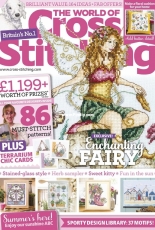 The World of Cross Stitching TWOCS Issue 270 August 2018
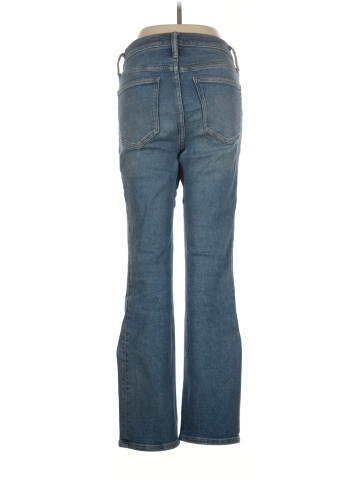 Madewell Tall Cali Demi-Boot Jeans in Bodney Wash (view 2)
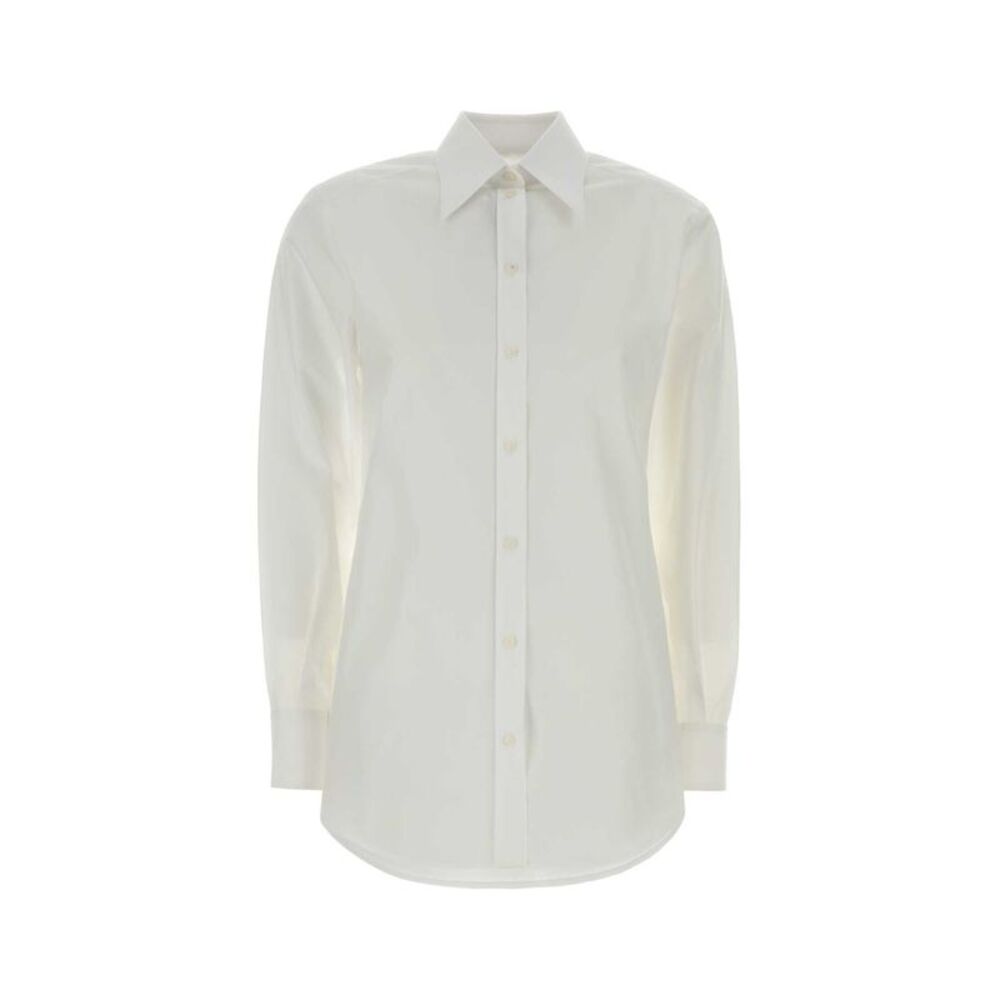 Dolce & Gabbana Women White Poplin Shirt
---
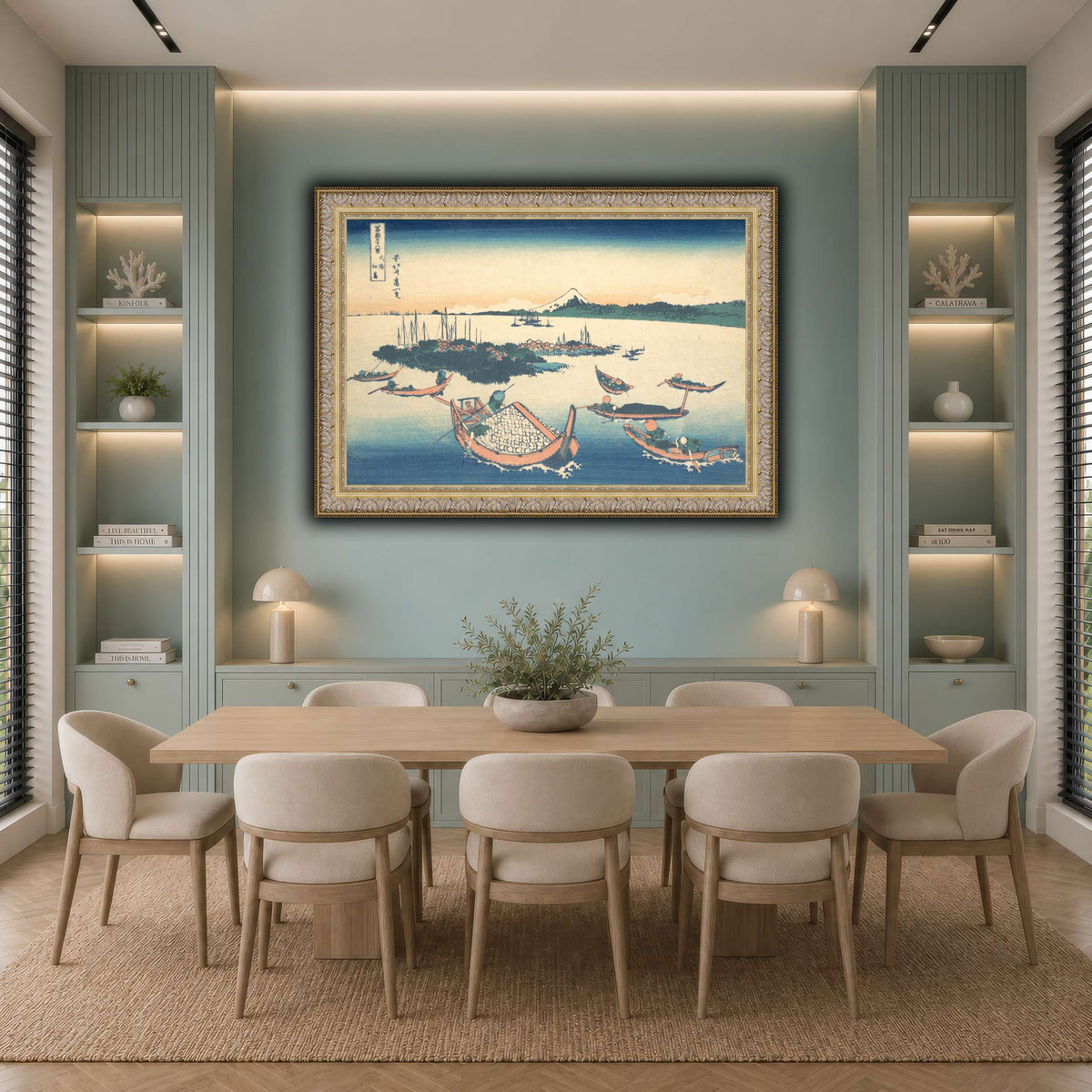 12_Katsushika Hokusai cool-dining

ACTIVITY: Look above for the line with "Madewell Tall Cali" and the line with "Dolce & Gabbana Women White Poplin Shirt". Output those two and everything between them exactly, pictures excluded.

RESPONSE AREA:
 Madewell Tall Cali Demi-Boot Jeans in Bodney Wash (view 2)
 Dolce & Gabbana Women White Poplin Shirt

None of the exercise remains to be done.